Data shown:
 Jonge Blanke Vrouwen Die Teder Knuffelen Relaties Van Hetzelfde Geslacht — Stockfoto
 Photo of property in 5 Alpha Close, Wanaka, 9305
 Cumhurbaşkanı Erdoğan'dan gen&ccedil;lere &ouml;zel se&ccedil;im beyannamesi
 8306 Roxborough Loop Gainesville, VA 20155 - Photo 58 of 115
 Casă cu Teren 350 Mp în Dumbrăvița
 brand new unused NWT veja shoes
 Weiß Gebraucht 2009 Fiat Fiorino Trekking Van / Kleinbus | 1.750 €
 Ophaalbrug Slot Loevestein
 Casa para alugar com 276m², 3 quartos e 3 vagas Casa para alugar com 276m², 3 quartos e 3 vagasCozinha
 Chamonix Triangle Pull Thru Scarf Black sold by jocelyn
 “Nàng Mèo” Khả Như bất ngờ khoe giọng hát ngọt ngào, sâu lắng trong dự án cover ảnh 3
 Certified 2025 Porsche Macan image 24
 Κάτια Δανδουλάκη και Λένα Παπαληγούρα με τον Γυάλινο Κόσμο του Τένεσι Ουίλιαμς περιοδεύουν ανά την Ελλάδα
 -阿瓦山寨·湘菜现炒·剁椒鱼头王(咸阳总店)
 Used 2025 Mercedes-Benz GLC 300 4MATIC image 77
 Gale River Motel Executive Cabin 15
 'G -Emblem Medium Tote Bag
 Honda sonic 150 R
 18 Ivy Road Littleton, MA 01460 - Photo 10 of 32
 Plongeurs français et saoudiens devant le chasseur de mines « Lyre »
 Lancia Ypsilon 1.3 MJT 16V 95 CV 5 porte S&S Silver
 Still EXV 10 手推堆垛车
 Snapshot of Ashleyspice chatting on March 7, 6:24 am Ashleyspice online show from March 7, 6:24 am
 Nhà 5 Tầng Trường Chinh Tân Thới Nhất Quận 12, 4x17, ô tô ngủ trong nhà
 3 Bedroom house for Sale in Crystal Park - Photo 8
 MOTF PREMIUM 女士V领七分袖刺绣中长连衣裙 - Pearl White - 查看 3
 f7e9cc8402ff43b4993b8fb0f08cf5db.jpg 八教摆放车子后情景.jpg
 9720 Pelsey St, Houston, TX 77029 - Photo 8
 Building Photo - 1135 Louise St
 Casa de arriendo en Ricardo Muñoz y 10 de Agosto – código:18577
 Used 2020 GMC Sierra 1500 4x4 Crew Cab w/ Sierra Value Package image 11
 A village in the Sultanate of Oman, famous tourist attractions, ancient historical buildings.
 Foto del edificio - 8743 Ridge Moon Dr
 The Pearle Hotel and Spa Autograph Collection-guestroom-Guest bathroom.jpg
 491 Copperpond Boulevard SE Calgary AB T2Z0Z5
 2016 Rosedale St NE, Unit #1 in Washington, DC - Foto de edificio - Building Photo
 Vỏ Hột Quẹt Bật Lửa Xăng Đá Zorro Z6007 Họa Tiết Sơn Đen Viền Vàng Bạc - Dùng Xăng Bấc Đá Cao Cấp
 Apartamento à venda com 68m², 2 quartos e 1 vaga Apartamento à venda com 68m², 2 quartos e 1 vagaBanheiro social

Exercise aim: In the data above, find the line that contains "f7e9cc8402ff43" and the line that contains "Foto del edificio - 8743 Ridge Moon Dr". Repeat exactly those lines and every line between them, and only those.

Answer section:
 f7e9cc8402ff43b4993b8fb0f08cf5db.jpg 八教摆放车子后情景.jpg
 9720 Pelsey St, Houston, TX 77029 - Photo 8
 Building Photo - 1135 Louise St
 Casa de arriendo en Ricardo Muñoz y 10 de Agosto – código:18577
 Used 2020 GMC Sierra 1500 4x4 Crew Cab w/ Sierra Value Package image 11
 A village in the Sultanate of Oman, famous tourist attractions, ancient historical buildings.
 Foto del edificio - 8743 Ridge Moon Dr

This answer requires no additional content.